RECORDS SHOWN:
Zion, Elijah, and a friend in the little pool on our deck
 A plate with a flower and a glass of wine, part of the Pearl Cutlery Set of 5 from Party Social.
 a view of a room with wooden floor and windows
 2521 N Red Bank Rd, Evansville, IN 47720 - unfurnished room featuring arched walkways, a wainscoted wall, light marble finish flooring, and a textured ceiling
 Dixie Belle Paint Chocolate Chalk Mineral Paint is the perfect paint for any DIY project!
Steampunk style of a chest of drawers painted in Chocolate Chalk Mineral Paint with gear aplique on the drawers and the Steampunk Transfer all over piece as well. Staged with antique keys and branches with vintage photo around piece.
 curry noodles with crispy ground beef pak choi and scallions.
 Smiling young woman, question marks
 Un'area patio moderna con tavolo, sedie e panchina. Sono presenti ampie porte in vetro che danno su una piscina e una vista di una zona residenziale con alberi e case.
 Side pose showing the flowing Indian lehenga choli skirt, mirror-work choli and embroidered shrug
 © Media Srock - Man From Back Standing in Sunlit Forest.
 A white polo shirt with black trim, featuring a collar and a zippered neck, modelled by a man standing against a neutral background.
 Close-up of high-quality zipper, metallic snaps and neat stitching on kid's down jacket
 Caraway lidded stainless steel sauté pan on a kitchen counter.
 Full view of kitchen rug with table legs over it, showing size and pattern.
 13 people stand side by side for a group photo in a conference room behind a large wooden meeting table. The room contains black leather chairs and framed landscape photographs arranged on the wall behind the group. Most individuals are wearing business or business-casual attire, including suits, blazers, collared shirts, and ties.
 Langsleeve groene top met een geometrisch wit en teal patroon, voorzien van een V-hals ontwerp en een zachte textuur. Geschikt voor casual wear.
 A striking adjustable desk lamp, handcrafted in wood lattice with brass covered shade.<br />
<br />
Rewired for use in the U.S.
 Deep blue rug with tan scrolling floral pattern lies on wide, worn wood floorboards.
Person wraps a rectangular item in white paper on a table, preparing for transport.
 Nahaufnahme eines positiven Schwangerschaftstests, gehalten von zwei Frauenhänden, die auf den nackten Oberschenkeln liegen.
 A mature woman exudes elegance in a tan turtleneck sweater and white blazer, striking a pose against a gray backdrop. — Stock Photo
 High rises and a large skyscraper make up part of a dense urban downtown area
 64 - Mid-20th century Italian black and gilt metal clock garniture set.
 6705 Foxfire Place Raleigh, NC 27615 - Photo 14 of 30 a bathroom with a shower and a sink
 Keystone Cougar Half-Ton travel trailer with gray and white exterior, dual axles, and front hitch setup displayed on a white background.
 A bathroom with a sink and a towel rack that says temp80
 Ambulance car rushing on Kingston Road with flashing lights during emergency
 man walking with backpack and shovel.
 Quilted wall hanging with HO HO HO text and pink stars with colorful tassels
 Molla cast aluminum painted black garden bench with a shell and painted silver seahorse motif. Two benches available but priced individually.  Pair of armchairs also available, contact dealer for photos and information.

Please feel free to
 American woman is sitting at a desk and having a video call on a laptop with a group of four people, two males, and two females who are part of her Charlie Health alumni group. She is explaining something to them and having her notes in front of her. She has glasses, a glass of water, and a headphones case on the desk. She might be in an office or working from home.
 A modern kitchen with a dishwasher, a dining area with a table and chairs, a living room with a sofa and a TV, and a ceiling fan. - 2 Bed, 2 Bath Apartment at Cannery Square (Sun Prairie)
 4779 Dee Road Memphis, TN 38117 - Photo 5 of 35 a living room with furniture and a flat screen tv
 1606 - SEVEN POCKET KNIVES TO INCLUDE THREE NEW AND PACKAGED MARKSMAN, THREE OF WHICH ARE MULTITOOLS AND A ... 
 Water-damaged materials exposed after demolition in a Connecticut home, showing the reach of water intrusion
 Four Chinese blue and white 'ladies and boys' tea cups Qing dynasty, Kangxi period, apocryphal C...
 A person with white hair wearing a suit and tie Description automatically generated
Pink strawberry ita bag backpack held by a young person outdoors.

PROBLEM STATEMENT:
All the data above should be restated in full, exactly.

FINISHED TASK:
Zion, Elijah, and a friend in the little pool on our deck
 A plate with a flower and a glass of wine, part of the Pearl Cutlery Set of 5 from Party Social.
 a view of a room with wooden floor and windows
 2521 N Red Bank Rd, Evansville, IN 47720 - unfurnished room featuring arched walkways, a wainscoted wall, light marble finish flooring, and a textured ceiling
 Dixie Belle Paint Chocolate Chalk Mineral Paint is the perfect paint for any DIY project!
Steampunk style of a chest of drawers painted in Chocolate Chalk Mineral Paint with gear aplique on the drawers and the Steampunk Transfer all over piece as well. Staged with antique keys and branches with vintage photo around piece.
 curry noodles with crispy ground beef pak choi and scallions.
 Smiling young woman, question marks
 Un'area patio moderna con tavolo, sedie e panchina. Sono presenti ampie porte in vetro che danno su una piscina e una vista di una zona residenziale con alberi e case.
 Side pose showing the flowing Indian lehenga choli skirt, mirror-work choli and embroidered shrug
 © Media Srock - Man From Back Standing in Sunlit Forest.
 A white polo shirt with black trim, featuring a collar and a zippered neck, modelled by a man standing against a neutral background.
 Close-up of high-quality zipper, metallic snaps and neat stitching on kid's down jacket
 Caraway lidded stainless steel sauté pan on a kitchen counter.
 Full view of kitchen rug with table legs over it, showing size and pattern.
 13 people stand side by side for a group photo in a conference room behind a large wooden meeting table. The room contains black leather chairs and framed landscape photographs arranged on the wall behind the group. Most individuals are wearing business or business-casual attire, including suits, blazers, collared shirts, and ties.
 Langsleeve groene top met een geometrisch wit en teal patroon, voorzien van een V-hals ontwerp en een zachte textuur. Geschikt voor casual wear.
 A striking adjustable desk lamp, handcrafted in wood lattice with brass covered shade.<br />
<br />
Rewired for use in the U.S.
 Deep blue rug with tan scrolling floral pattern lies on wide, worn wood floorboards.
Person wraps a rectangular item in white paper on a table, preparing for transport.
 Nahaufnahme eines positiven Schwangerschaftstests, gehalten von zwei Frauenhänden, die auf den nackten Oberschenkeln liegen.
 A mature woman exudes elegance in a tan turtleneck sweater and white blazer, striking a pose against a gray backdrop. — Stock Photo
 High rises and a large skyscraper make up part of a dense urban downtown area
 64 - Mid-20th century Italian black and gilt metal clock garniture set.
 6705 Foxfire Place Raleigh, NC 27615 - Photo 14 of 30 a bathroom with a shower and a sink
 Keystone Cougar Half-Ton travel trailer with gray and white exterior, dual axles, and front hitch setup displayed on a white background.
 A bathroom with a sink and a towel rack that says temp80
 Ambulance car rushing on Kingston Road with flashing lights during emergency
 man walking with backpack and shovel.
 Quilted wall hanging with HO HO HO text and pink stars with colorful tassels
 Molla cast aluminum painted black garden bench with a shell and painted silver seahorse motif. Two benches available but priced individually.  Pair of armchairs also available, contact dealer for photos and information.

Please feel free to
 American woman is sitting at a desk and having a video call on a laptop with a group of four people, two males, and two females who are part of her Charlie Health alumni group. She is explaining something to them and having her notes in front of her. She has glasses, a glass of water, and a headphones case on the desk. She might be in an office or working from home.
 A modern kitchen with a dishwasher, a dining area with a table and chairs, a living room with a sofa and a TV, and a ceiling fan. - 2 Bed, 2 Bath Apartment at Cannery Square (Sun Prairie)
 4779 Dee Road Memphis, TN 38117 - Photo 5 of 35 a living room with furniture and a flat screen tv
 1606 - SEVEN POCKET KNIVES TO INCLUDE THREE NEW AND PACKAGED MARKSMAN, THREE OF WHICH ARE MULTITOOLS AND A ... 
 Water-damaged materials exposed after demolition in a Connecticut home, showing the reach of water intrusion
 Four Chinese blue and white 'ladies and boys' tea cups Qing dynasty, Kangxi period, apocryphal C...
 A person with white hair wearing a suit and tie Description automatically generated
Pink strawberry ita bag backpack held by a young person outdoors.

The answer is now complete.